RECORD SET
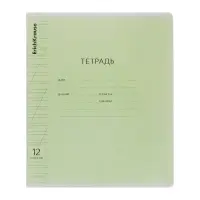 Тетрадь 12 листов в косую линейку ErichKrause «Классика Visio», обложка мелованный картон, зелёная Тетрадь 12 листов в косую линейку ErichKrause «Классика Visio», обложка мелованный картон, зелёная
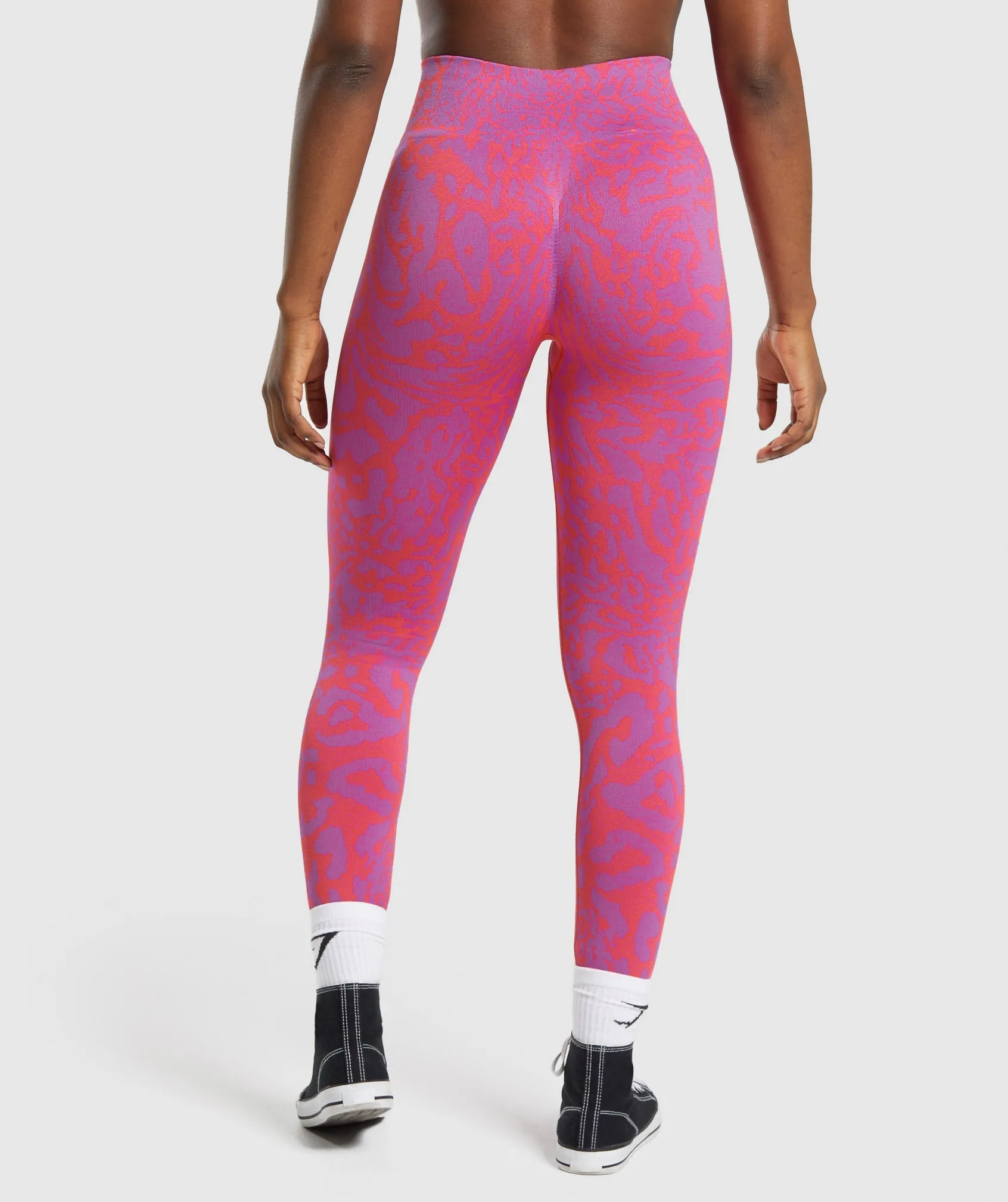 Gymshark Adapt Safari Seamless Leggings - Shelly Pink/Fly Coral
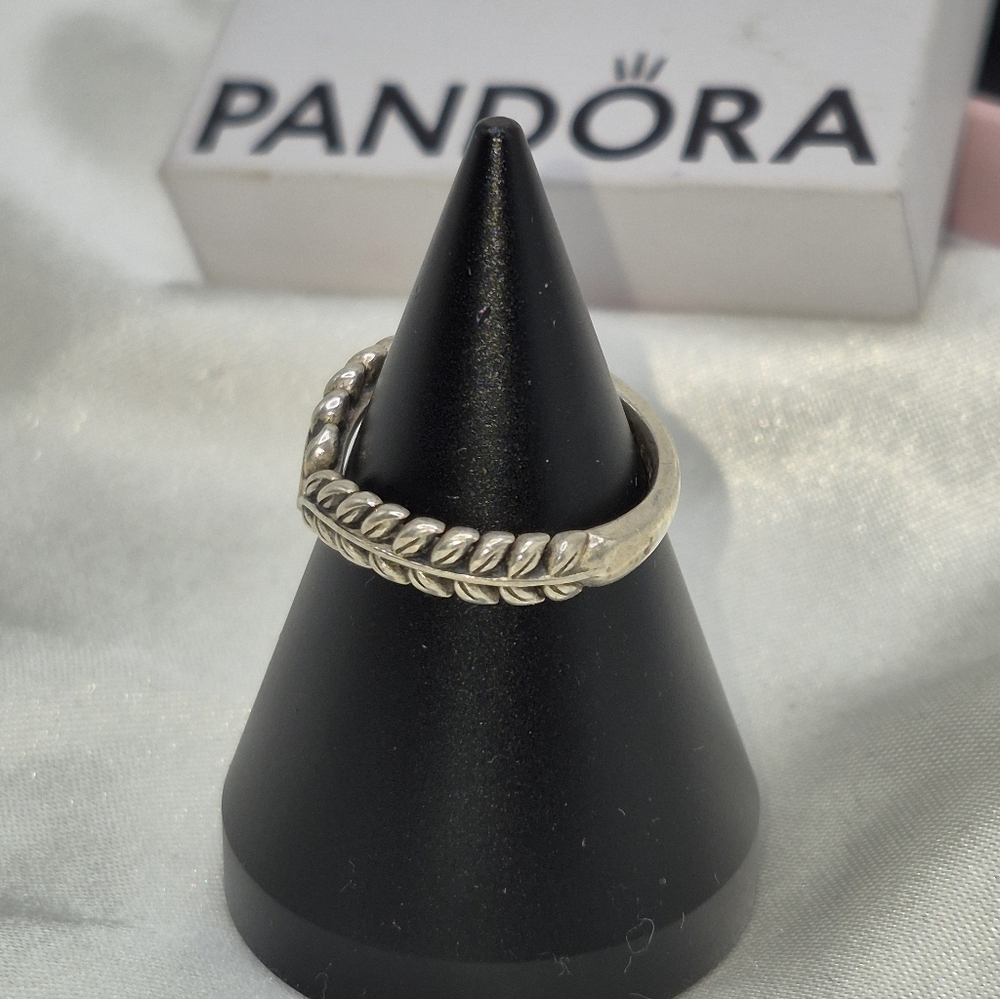 Pandora Ale Sterling Silver Wheat Grains Ring! Size 5. P11 Ale 925 50 - Picture 4 of 6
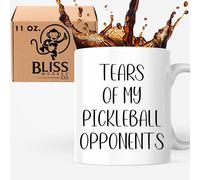 Tasse à café Tears Of My Pickleball Opponent - Tasse Pickleball - Cadeau pour homme et femme - 325 ml - Cadeau pour les amateurs de pickleball - Imprimé des deux côtés - Passe au micro-ondes et au
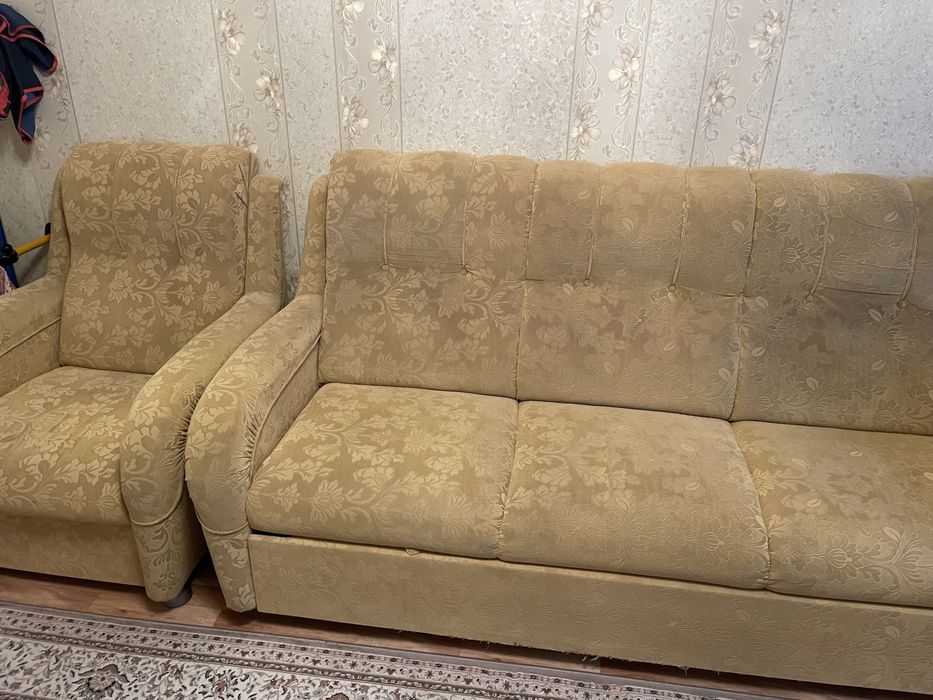 Продам кресло и диван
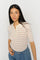 Caliz Stripe SS Knit | Peachy | Strik fra Mos Mosh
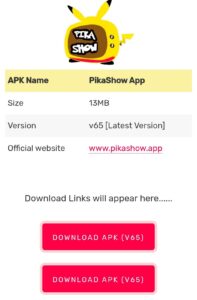 App Pikashow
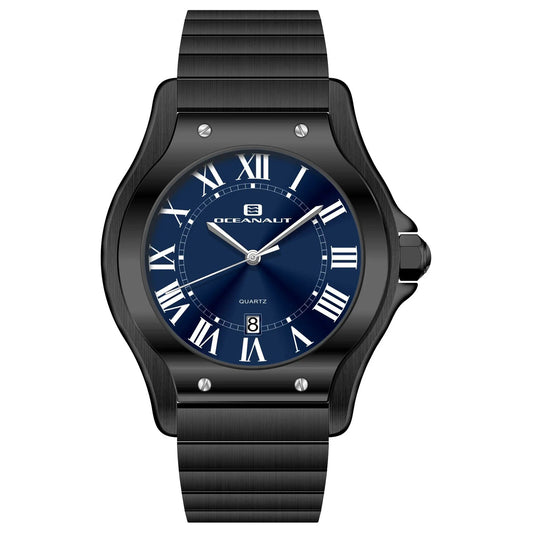 Oceanaut Rayonner men's stainless steel watch with blue dial and Roman numerals on Tampa Home & Garden Store
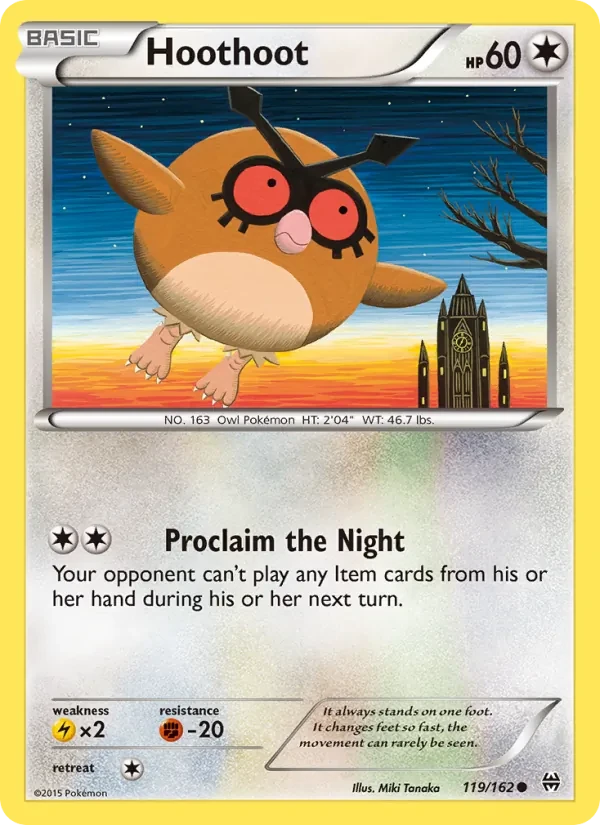 Hoothoot 119/162 BREAKthrough Pokémon card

WORK ORDER
Only the lines from the top of the material through the line containing "Gymshark Adapt Safari" should be written out, exactly and without pictures.

ANSWER SECTION
 Тетрадь 12 листов в косую линейку ErichKrause «Классика Visio», обложка мелованный картон, зелёная Тетрадь 12 листов в косую линейку ErichKrause «Классика Visio», обложка мелованный картон, зелёная
 Gymshark Adapt Safari Seamless Leggings - Shelly Pink/Fly Coral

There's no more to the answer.